So, I ran the playtest more than a little, multiple seasons of Encounters. The thing is, it was a test. So I ran it straight, by-the-book, no matter how my little experienced-DM-voice (actually my inner-DM-voice is more of a Charlton Heston in the Ten Commandments type) would point out "this is really not going to end well, you should really tweak that bit there..."

...and, darn, are players less interested in testing games than having fun with them... But the point is, I got into a /habit/ of running that way, so my ongoing campaign was getting kinda by-the-book, I was meticulously printing out all the monsters and double-checking rules in the compendium. That should have been my second warning.

Anyway, in that habit, I had honor of running HotDQ "Seek the Keep" for the first few sessions of 5e Encounters. Now, HotDQ is arguably not as a bad as KotSf (which, when I played in it, myself, didn't seem that bad, thanks to a good DM, hint, hint), but /run in playtest mode/, was a grinding, slow-motion, trainwreck, all the way through Greenest. I mean, I had run some bad games in my time, my time being the 80s, but I'm pretty sure I set a new record with that one.
Once I snapped out of it and started running a game, instead of torture-testing a system - and once we got to the second phase of the adventure, a more normally paced little mini-dungeon crawl - things improved substantially, and even the lame setting tourism that followed wasn't intolerable.

It's not just what you run, it's how you run it.

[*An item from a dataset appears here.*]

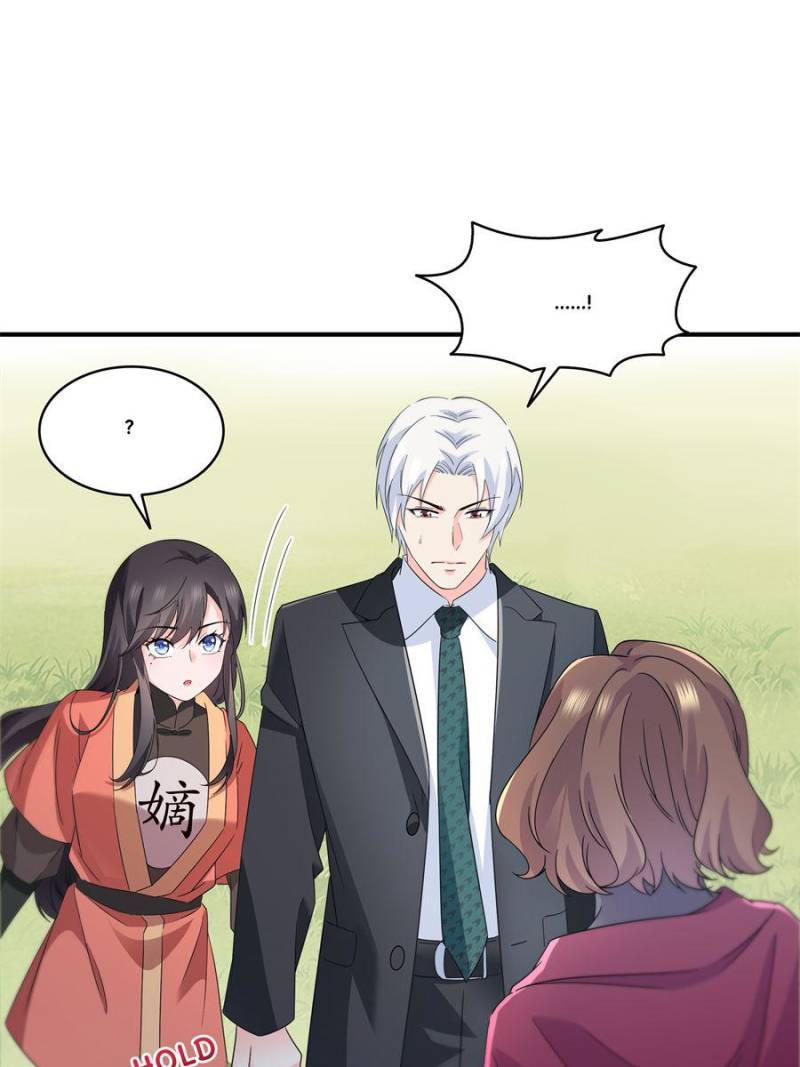 Read Perfect Secret Love The Bad New Wife is a Little Sweet Manga Online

But really, even watching grass dry or paint grow would be fun with my regular groups.
Watching paint grow sounds potentially fascinating...
...or frightening, depending on the kind of movie you're in...
 


I haven't seen one of those yet.

I feel like you're probably using different criteria than I am. :p

Just for instance, I have almost no interest in random encounters/combat for combat's sake. I want, oh, 95% of my combats in a D&D game to advance the plot, or at least be of a nature where it wouldn't make sense for the plot/scene not to have them. So my "unfun combat" box is probably larger than many people's.
 

Hussar

Legend
I have to admit, I use the 5e morale rules and I find they work great. I'm probably not a real stickler for the details of the rules, but, typically I start rolling when it's obvious that the baddies are going to lose. Which is usually after about 1/3 of the baddies go down/lost HP. Adds a nice tactical element, and it means that it's a very viable tactic to spread the damage rather than focus fire on one critter at a time.